A esta delicada situación se suma la amenaza inminente del fenómeno de El Niño, con una probabilidad superior al 95% de concretarse. Este escenario climático agravaría la ya crítica situación energética, elevando el riesgo de cortes de luz y afectando la economía nacional. La autosuficiencia energética de Colombia está en riesgo, con reservas probadas de petróleo y gas natural que apenas alcanzan para unos pocos años, lo que podría llevar a una mayor dependencia de importaciones en un futuro cercano.
Las finanzas públicas representan una verdadera «bomba de tiempo», según expertos. El déficit fiscal ronda el 6,7% del PIB, una cifra alarmante que exige un ajuste significativo. La deuda pública, por su parte, absorbe una porción considerable de la recaudación tributaria, y la calificación crediticia del país ha sido degradada, encareciendo aún más el endeudamiento. El gobierno entrante deberá implementar medidas de austeridad, revisar subsidios y buscar nuevas fuentes de ingresos para estabilizar las cuentas nacionales.
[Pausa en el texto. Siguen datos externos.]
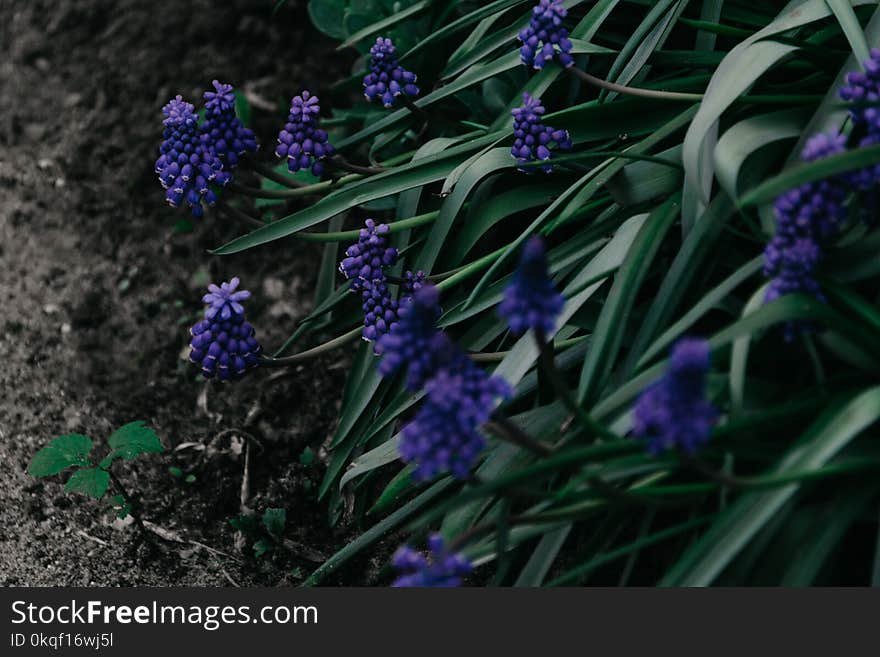 Shallow Focus Photo of Green Plant With Purple Flowers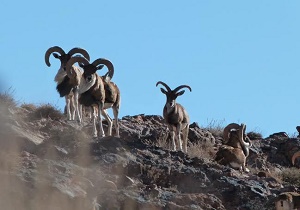 آغاز سرشماری پاییزه پستانداران حیات وحش در خراسان جنوبی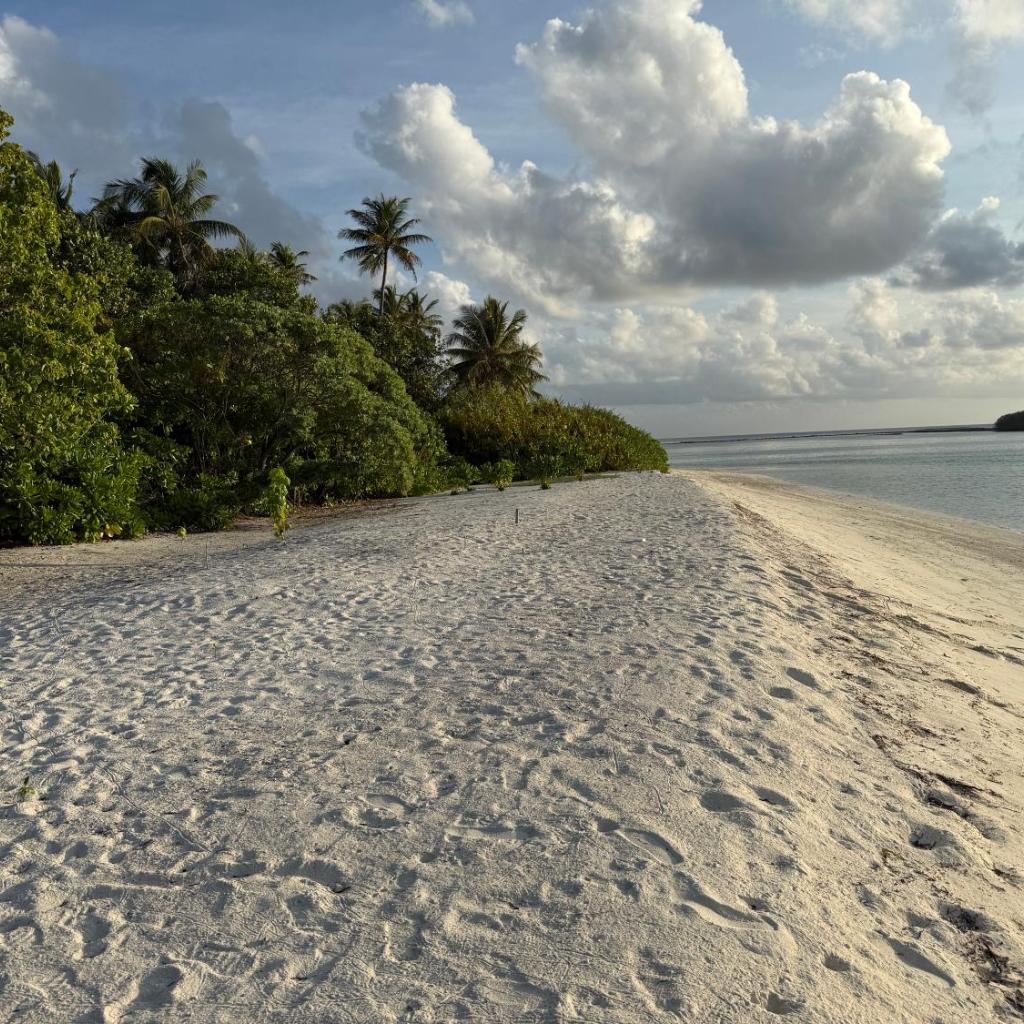 Coconut Palm Dhidhoo, photo 2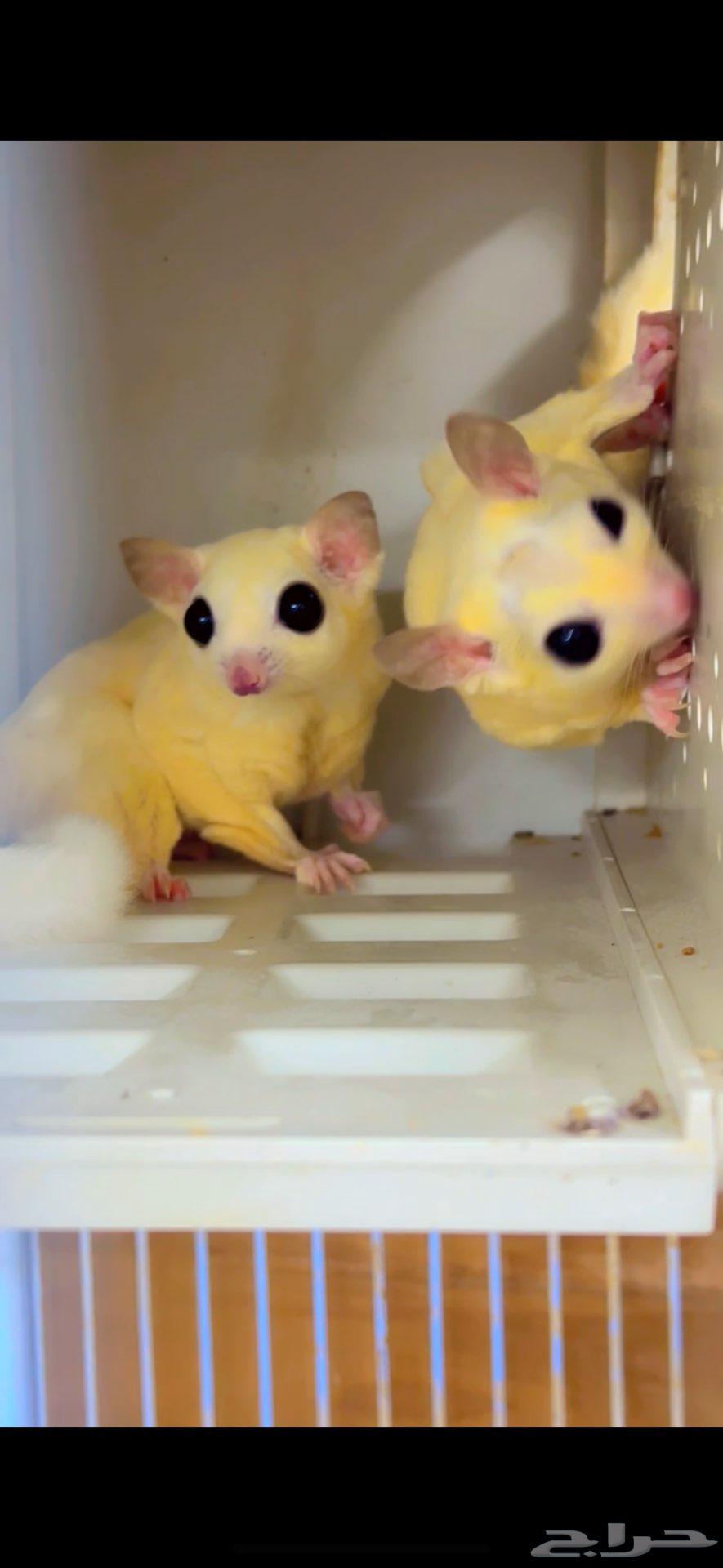 Flying Squirrel Pair, Ino Sugar with Black Eyes, Breeding Pair Available64511843027586110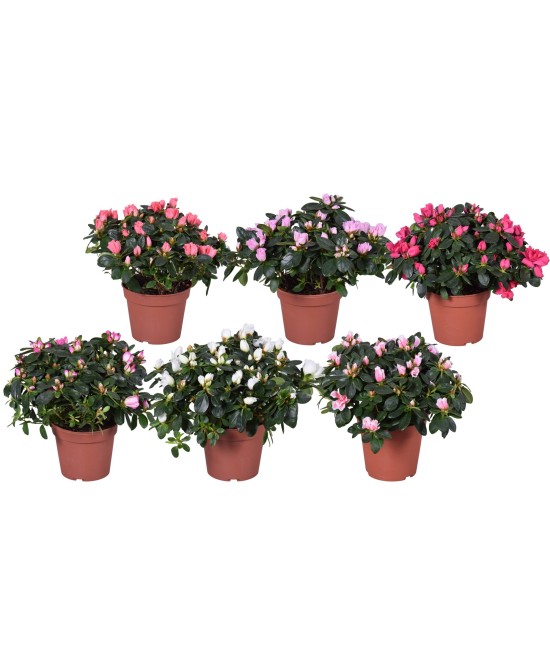 AZALEA EN FLOR
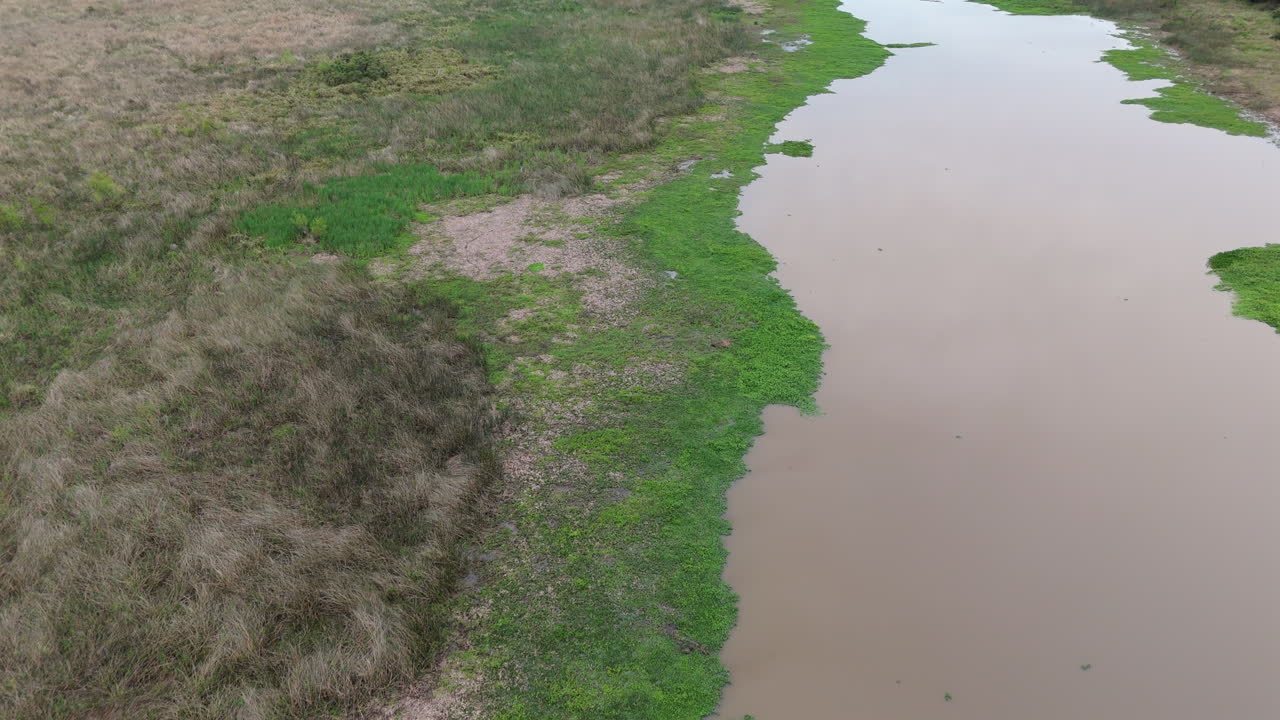 Low aerial over calm muddy river estuary and wetlands in Paraná Delta, Argentina
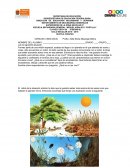 Actividades primer grado Ciencias I (biologia)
Además, el futuro de Ecopetrol, la principal empresa estatal, es incierto tras una importante caída en sus utilidades. De la Espriella ha manifestado su intención de impulsar técnicas como el fracking y realizar una auditoría internacional para revertir la situación. Otro punto clave será la decisión sobre la administración del Fondo Nacional del Café, vital para miles de familias productoras, cuyo contrato con la Federación Nacional de Cafeteros vence a fin de año.